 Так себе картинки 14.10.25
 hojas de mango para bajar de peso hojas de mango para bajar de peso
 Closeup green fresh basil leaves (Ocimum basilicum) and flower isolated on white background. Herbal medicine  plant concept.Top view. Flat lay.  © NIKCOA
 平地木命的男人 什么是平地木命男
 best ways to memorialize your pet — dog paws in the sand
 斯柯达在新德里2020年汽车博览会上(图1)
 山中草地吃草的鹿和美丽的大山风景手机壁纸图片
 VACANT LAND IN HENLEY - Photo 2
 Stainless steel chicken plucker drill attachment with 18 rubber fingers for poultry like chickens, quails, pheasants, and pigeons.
* * *
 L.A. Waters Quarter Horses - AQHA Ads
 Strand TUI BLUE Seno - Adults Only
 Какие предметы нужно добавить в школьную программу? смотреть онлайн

*What this task involves*
Would you copy out exactly the lines above that start at the one containing "Closeup green fresh" and end at the one containing "Stainless steel chicken", inclusive?

*Written solution*
 Closeup green fresh basil leaves (Ocimum basilicum) and flower isolated on white background. Herbal medicine  plant concept.Top view. Flat lay.  © NIKCOA
 平地木命的男人 什么是平地木命男
 best ways to memorialize your pet — dog paws in the sand
 斯柯达在新德里2020年汽车博览会上(图1)
 山中草地吃草的鹿和美丽的大山风景手机壁纸图片
 VACANT LAND IN HENLEY - Photo 2
 Stainless steel chicken plucker drill attachment with 18 rubber fingers for poultry like chickens, quails, pheasants, and pigeons.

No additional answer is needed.